How do you decide if an OS is better than another one? It may be better for you but it can't be objectively better.
Secondly, FreeBSD is owned and maintained mainly by the FreeBSD Foundation, which is not a company AFAIK but it receives contributions/commits from Netflix, just as Microsoft and other companies do with Linux. So it's not "everything controlled by a company in a monolithic manner".
Finally, you don't need to fork, FreeBSD already provides you what you need and all the things integrate very good with each other, because they are not different projects but only one. And FYI there isn't just FreeBSD, but many *BSD operating systems so you can choose basing on your needs.

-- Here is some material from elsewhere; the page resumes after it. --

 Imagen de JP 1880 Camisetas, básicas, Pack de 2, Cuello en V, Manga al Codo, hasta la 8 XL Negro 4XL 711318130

My final thought is that too much modularity may lead to an unstable system (since every person or group cares about its own project and cannot care about all the other existing ones) so things may break more often. Another big disadvantage of some famous and nice Linux distros is Systemd.
Other than all what I've wrote, Linux is a pretty good kernel.
Guys, why are we not getting over BSD talk
0- being open and accessible for fix and improvements and being fixed almost weekly without denying mistakes shows which software is better. 1- closed company, group, colony, whatever. 2- nobody can predict others requirements better than themselves. 3- your imaginations about modularity is wrong. each program works exactly the way which dependencies are designed otherwise it going to be statically or self contained dynamically linked. devs and maintainers are responsible for syncing their products with dependencies and users won't push forward blindly. what if i don't want the bloats of bsd 👉operating system👈 but i want a modular kernel to be able to compile it based on requirements of the context and put other hand picked uncentralized modules on top of it and modify stuffs? what if i don't like the design of some parts of this operating system? will they obey my requested rules? i won't accept monolithic systems anymore.